Print and Mail Services
- Print and mail confirmations, statements, returns, tax forms (including without limitation W-9’s, W-8’s and year-end returns), reports, dividend checks and other documents and instruments, including copies to dealers and, at the Fund’s option, to a “fourth party.”
- Provide duplicate copies of statements and/or transcripts of accounts to shareholders requesting such information (for such fee as the Fund and Transfer Agent shall mutually agree).
Group Benefits
- Process Add On Trades - These are trades received every morning requesting that the previous day’s trade date and price be used. These trades are estimated and entered with the prior day’s trade date.3
- Process Same Day Wires - Process full or partial redemption requests and wire funds prior to completion of the nightly cycle.
- Process Due Money - Requests to subscribe money are received and acted upon, prior to our receiving funding for the purchase. It is DST’s responsibility to track all unpaid purchases and report this information to Dreyfus in Uniondale and the Fund Accounting Area on a daily basis.
C(1)-12
- Process Fax Trades from Plans - Trades are received by fax. The plans have agreed to follow up with the original documentation on the following day.

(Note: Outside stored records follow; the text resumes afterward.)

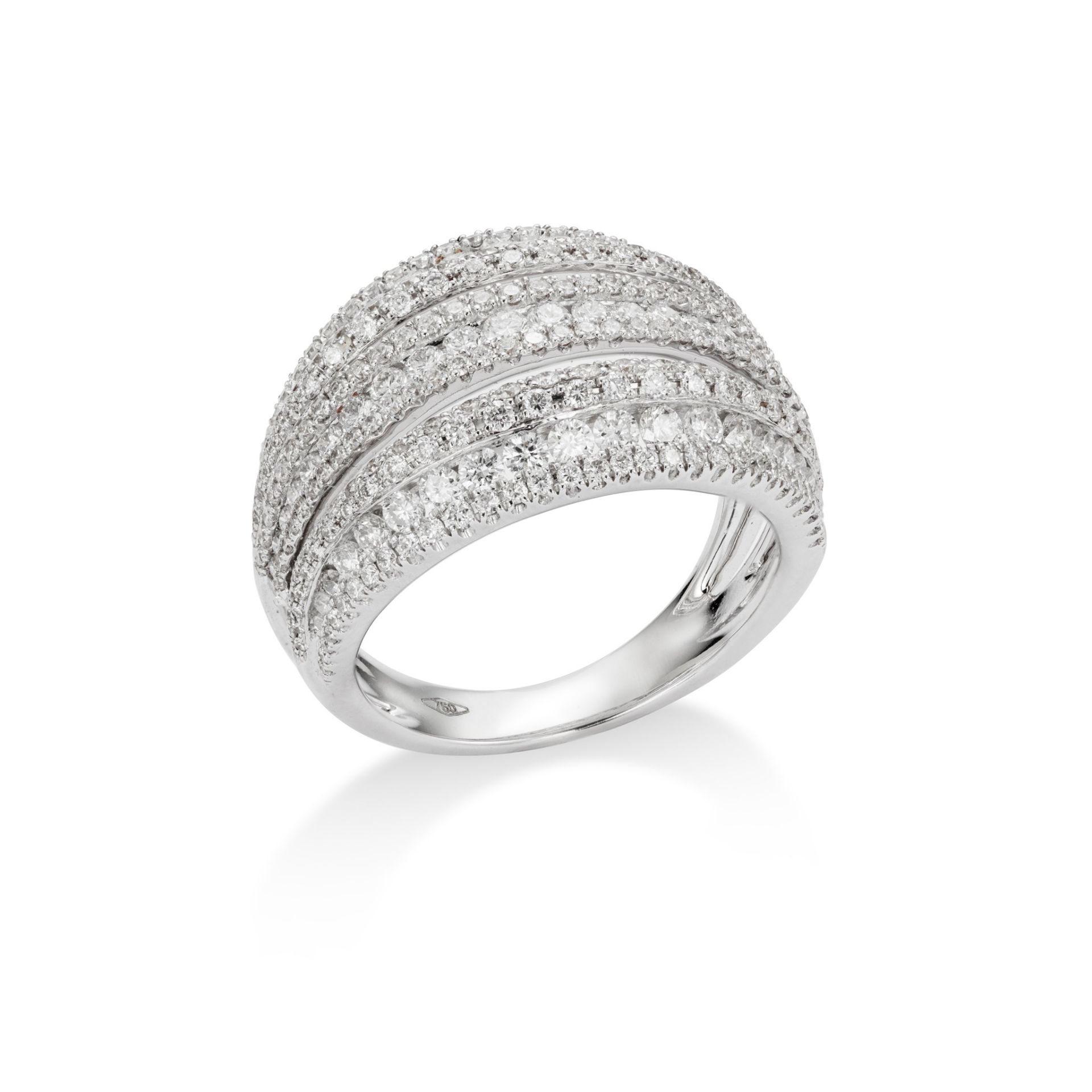 A diamond dress ring Channel-set with three rows of brilliant-cut diamonds between pavé-set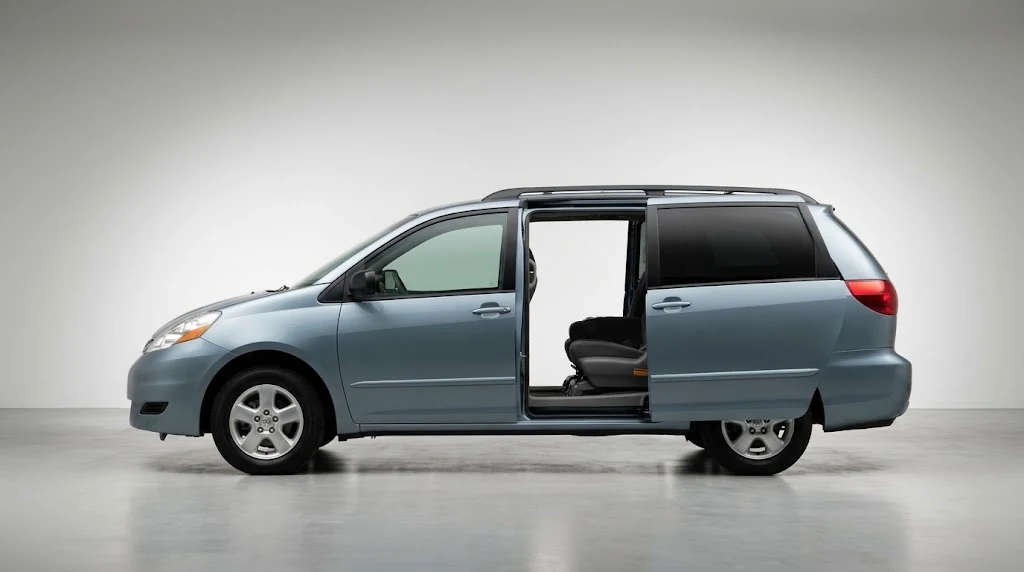 Toyota Sienna de segunda generación (2004-2010) con puerta corrediza abierta en estudio minimalista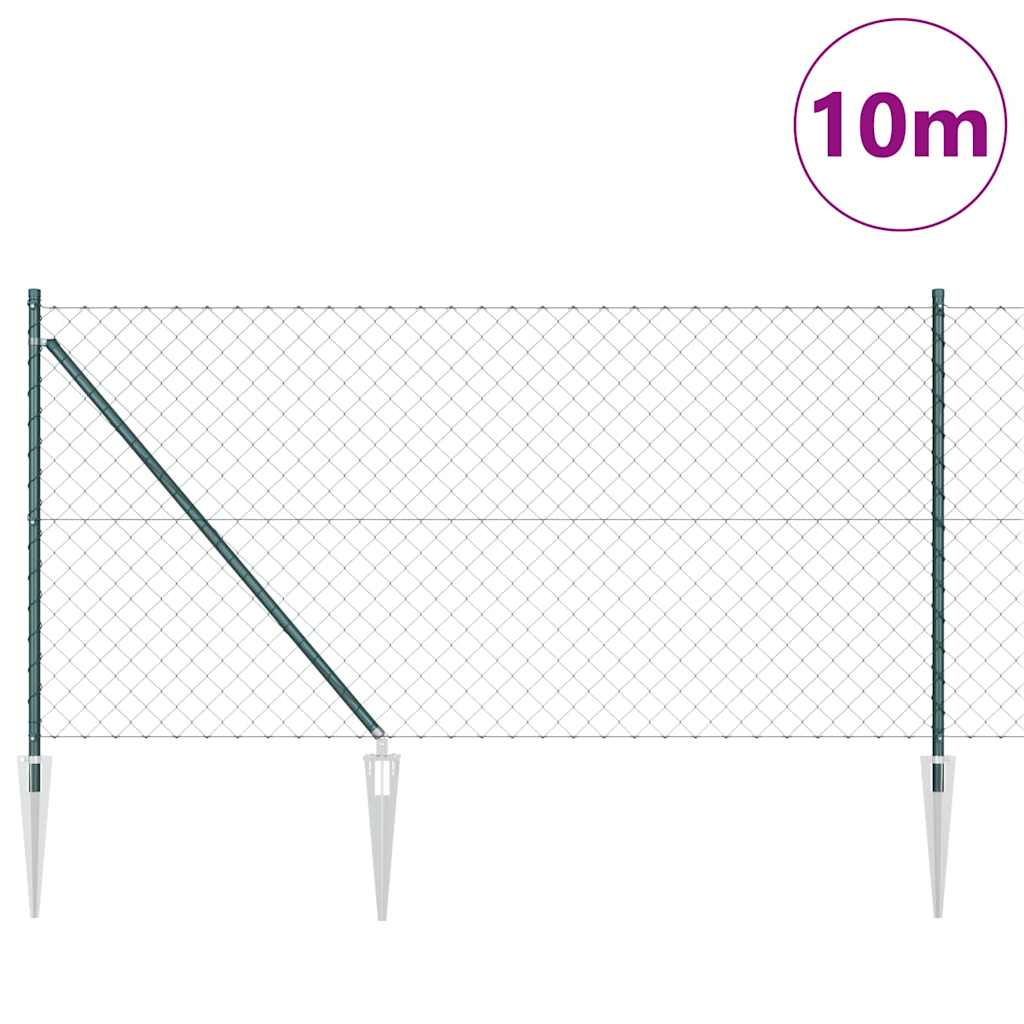 Vidaxl afrasteringspaal groen 10 x 1 m (60 x 60 mm gaas) staal en pvc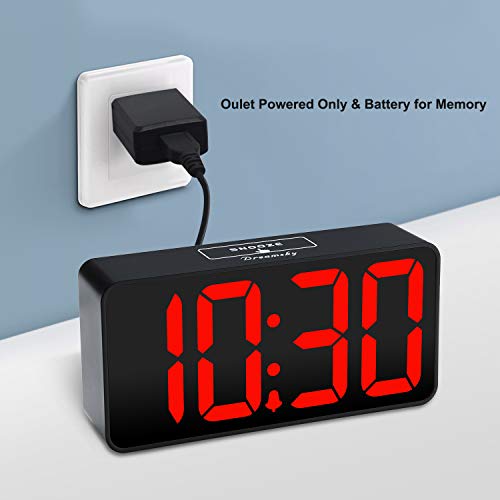DreamSky Small Digital Alarm Clock for Bedroom with Large Big Numbers - color: Black Case Red Digits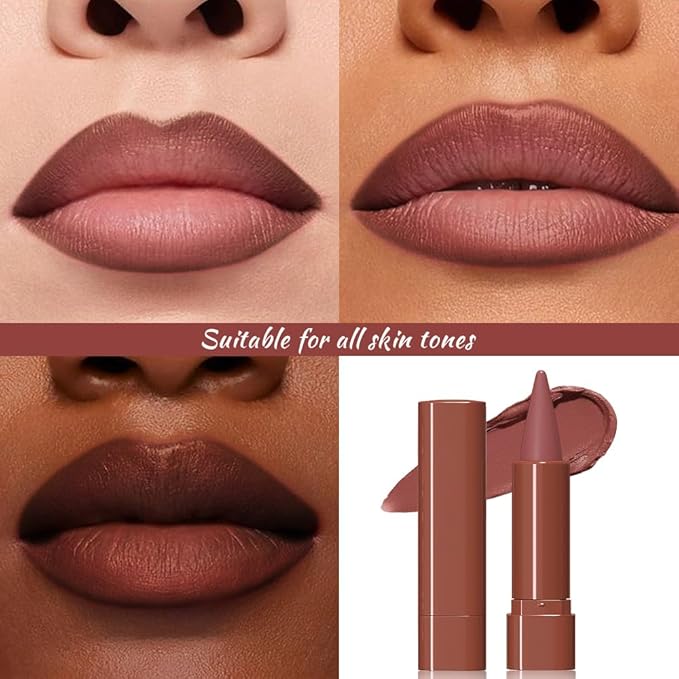 JUAAZIN Reddish Brown Gradient Matte Lip Liner Pencil Crayon for Women - Waterproof Smudge-Proof Kissproof Long-Wear Lip Pencil,Flawless Contour Ombre Effect Lip Crayon,Creamy Pigmented Lip Liner 03#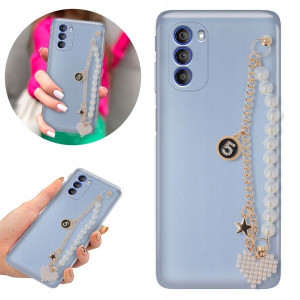 Etui Metallic Blink Blue do MOTOROLA G51 5G Perły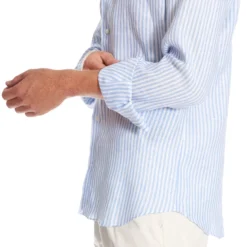 CAMICIA IN LINO BIANCA E AZZURRA Rigata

- Process Restricted Exchanges - These are transactions that are restricted according to the Funds’ exchange rules. Exchanges are processed as redemptions and purchases to accomplish the transactions. In the event that the exchange is for the full account balance, DST must estimate the purchase side of the transaction after the nightly cycle, to ensure that the funds are accounted for on the prior days supersheet.
- Process Dividend Trades - The first business day of every month, DST faxes over add-on trades from 8:30am to 10:30am. DST shall process these trades as of the previous day without being estimated. The trades are typically small dollar amounts (under $100.00).
Institutional
- Process Due Money and Wire/no Trade - Requests to subscribe money are received and acted upon, prior to DST receiving funding for these purchases. It is DST’s responsibility to track all unpaid purchases and report this information to Dreyfus in Uniondale, and the Fund Accounting area on a daily basis. This includes manual and Lion purchases.
- Process As Of Purchases/Redemptions - (known as “Add-Ons”) Process trades received in the morning requesting that the previous days trade date and price be used. These trades are estimated and entered with the prior days trade date. This includes manual, Lion Account and DTCC trades.
- Process Same Day Wires - Requests a redemption and immediate wire of funds prior to completion of the nightly cycle. Due money in a particular fund can result in a fund being “overdrawn” at the close of business.
GAMA Servicing Functions
Open new GAMA accounts; perform GAMA account maintenances; perform daily settlement of GAMA ACH, debit card, and check writing activity with the Dreyfus GAMA product service provider; provide system support for GAMA.
Multiple Trailer Fees
The Multiple Trailer Fee Project (MTF) is designed to provide Institutional clients with a detailed breakdown of each type of fee paid. The Transfer Agent will provide data feeds containing detailed trailer commission and service fee information to Dreyfus.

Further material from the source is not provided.